(Dataset section)
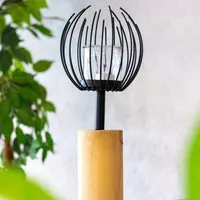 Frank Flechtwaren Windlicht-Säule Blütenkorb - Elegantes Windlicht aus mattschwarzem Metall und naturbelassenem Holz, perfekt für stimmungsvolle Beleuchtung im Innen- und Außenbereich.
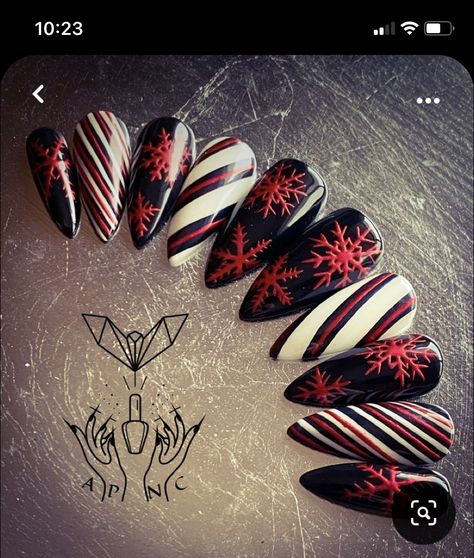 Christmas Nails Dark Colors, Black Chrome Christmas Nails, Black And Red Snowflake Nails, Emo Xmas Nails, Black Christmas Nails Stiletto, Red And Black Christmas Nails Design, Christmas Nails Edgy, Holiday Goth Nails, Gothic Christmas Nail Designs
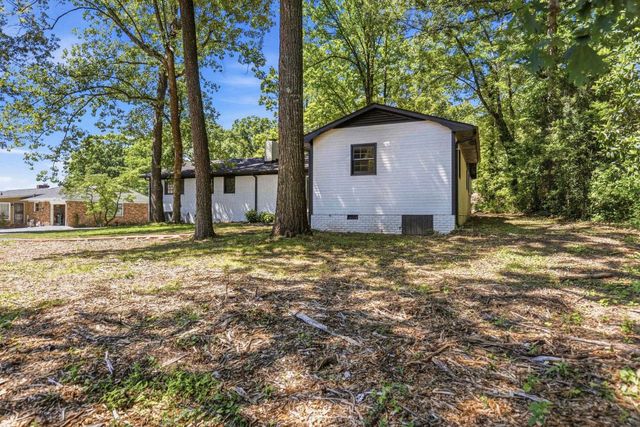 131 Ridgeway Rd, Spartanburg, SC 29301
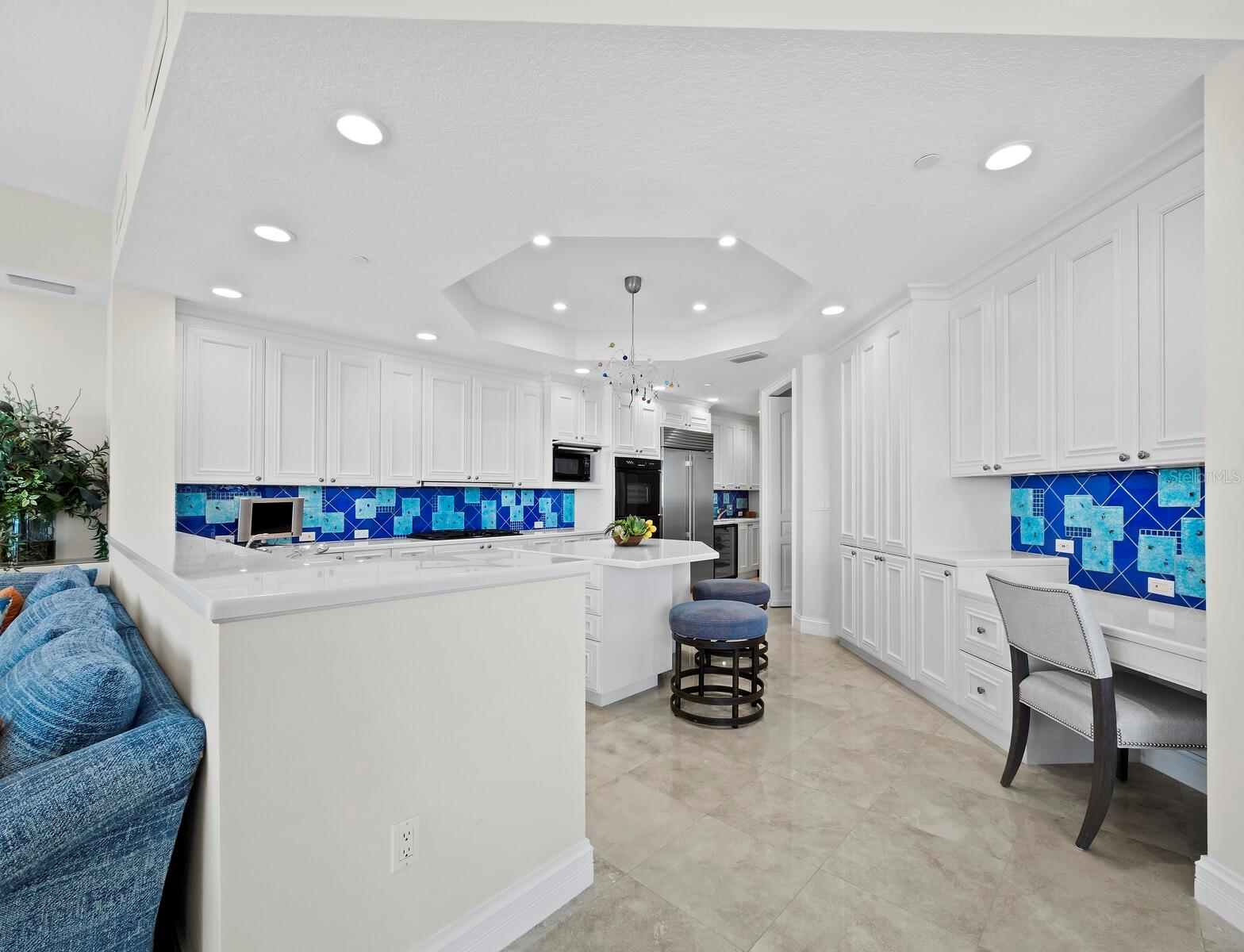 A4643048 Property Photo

(Exercise description)
Only the words belong in your copy: restate the data above exactly and leave the images out.

(Task answer)
 Frank Flechtwaren Windlicht-Säule Blütenkorb - Elegantes Windlicht aus mattschwarzem Metall und naturbelassenem Holz, perfekt für stimmungsvolle Beleuchtung im Innen- und Außenbereich.
 Christmas Nails Dark Colors, Black Chrome Christmas Nails, Black And Red Snowflake Nails, Emo Xmas Nails, Black Christmas Nails Stiletto, Red And Black Christmas Nails Design, Christmas Nails Edgy, Holiday Goth Nails, Gothic Christmas Nail Designs
 131 Ridgeway Rd, Spartanburg, SC 29301
 A4643048 Property Photo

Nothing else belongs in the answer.